The Mossad and Shin Bet will begin the program by each taking in 100 Haredi yeshiva students who are over the age of 21, after they undergo professional training, the Kan public broadcaster reported.
The enlistees will serve for two years and the program will be financed by the Intelligence Ministry and National Service Authority.
Last week, the leaders of the Mossad and Shin Bet met with Intelligence Minister Gila Gamliel to approve the new program, which is expected to launch next month, Kan reported.
National service is typically done on a volunteer basis as an alternative to mandatory military service.
The Haredi population of Israel overwhelmingly opposes performing mandated national civil or military service, seeing it as a way for secular forces to potentially draw away its members. The issue is highly contentious in Israeli society, where non-Haredi Jews overwhelmingly serve in the military.
While soldiers are generally drafted from age 18, many yeshiva students claim academic deferments and are thought to remain in religious study programs longer than they otherwise would, in order to dodge the draft until they reach the age at which they can be exempt permanently.
The drafting of ultra-Orthodox men into the military has long been highly controversial, and even more so in recent months, with Prime Minister Benjamin Netanyahu’s hardline government planning a law to facilitate increased exemptions for Haredim from military service.

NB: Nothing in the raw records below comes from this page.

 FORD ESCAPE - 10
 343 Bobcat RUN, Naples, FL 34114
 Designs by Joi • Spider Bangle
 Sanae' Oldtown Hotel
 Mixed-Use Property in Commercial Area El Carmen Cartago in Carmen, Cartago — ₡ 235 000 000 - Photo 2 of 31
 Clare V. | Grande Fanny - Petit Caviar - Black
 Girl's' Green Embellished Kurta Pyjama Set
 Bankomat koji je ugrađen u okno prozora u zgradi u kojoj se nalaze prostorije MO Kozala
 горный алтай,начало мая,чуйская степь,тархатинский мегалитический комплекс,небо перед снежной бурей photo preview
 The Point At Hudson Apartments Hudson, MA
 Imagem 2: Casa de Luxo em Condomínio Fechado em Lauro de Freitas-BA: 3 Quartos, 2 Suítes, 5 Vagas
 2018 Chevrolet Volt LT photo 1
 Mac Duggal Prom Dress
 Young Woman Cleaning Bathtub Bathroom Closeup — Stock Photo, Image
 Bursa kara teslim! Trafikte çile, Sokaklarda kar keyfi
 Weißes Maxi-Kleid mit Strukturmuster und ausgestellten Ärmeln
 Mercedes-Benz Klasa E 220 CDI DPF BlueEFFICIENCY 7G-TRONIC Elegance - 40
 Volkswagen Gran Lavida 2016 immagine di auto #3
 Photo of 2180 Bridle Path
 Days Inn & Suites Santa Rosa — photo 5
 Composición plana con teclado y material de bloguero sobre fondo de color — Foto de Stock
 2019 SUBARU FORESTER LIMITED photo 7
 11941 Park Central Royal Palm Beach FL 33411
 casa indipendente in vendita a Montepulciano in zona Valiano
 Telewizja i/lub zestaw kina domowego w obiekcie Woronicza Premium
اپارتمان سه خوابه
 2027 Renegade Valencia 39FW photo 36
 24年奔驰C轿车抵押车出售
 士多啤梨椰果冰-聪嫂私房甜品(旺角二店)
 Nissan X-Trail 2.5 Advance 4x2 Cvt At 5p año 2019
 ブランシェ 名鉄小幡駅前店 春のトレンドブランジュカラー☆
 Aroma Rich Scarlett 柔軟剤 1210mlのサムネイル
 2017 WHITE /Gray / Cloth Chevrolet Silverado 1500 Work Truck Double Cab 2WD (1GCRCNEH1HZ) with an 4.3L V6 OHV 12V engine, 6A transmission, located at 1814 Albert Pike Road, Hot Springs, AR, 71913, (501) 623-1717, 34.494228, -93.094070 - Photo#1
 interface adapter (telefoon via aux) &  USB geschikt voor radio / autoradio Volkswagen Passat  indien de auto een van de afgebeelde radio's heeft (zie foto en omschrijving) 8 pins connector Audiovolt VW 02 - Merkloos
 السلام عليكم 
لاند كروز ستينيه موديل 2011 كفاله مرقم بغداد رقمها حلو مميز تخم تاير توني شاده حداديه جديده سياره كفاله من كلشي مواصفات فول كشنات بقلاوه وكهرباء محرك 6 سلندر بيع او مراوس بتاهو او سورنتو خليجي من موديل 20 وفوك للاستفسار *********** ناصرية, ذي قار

The two Haredi parties in the coalition, United Torah Judaism (UTJ) and Shas, have for weeks been threatening to topple the government if the military draft law is not passed as soon as possible, according to various reports.
According to Hebrew media reports, Netanyahu has pledged to the ultra-Orthodox parties that a legislative memorandum for the draft bill will be previewed in the Knesset’s upcoming winter session in October.
By lowering the permanent exemption age, some members of the government believe it would encourage those Haredi men to leave the yeshiva and enter the workforce at a younger age.